◆ Collected data ◆
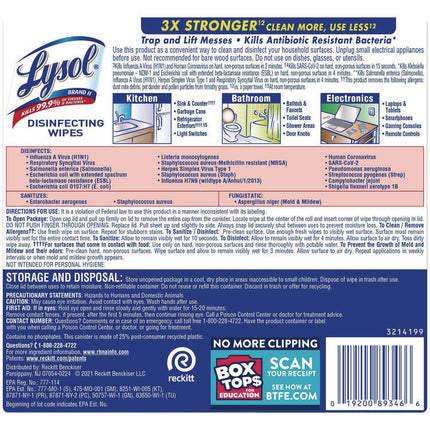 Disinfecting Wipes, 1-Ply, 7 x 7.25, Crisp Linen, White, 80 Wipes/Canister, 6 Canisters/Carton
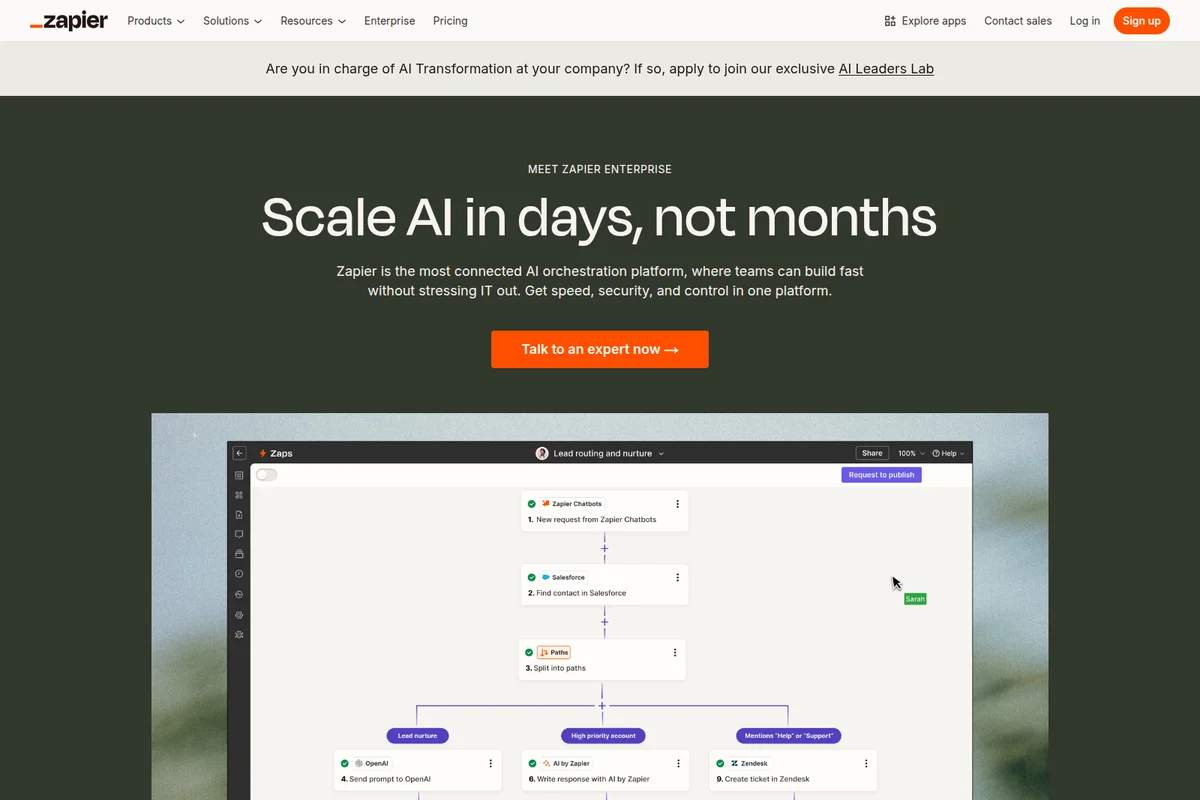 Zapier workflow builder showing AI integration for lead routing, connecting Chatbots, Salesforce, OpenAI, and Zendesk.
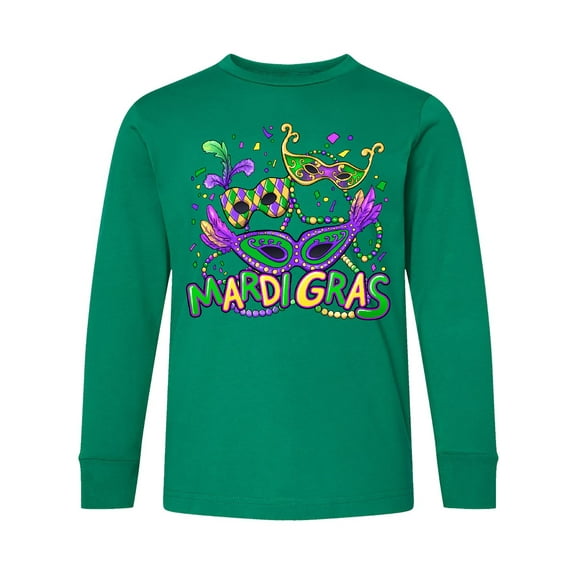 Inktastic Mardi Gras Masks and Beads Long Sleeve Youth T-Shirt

◆ Exercise objective ◆
With the pictures left out, give again exactly the lines from the one with "Zapier workflow builder" through the end of the data, both included.

◆ Expected answer ◆
 Zapier workflow builder showing AI integration for lead routing, connecting Chatbots, Salesforce, OpenAI, and Zendesk.
 Inktastic Mardi Gras Masks and Beads Long Sleeve Youth T-Shirt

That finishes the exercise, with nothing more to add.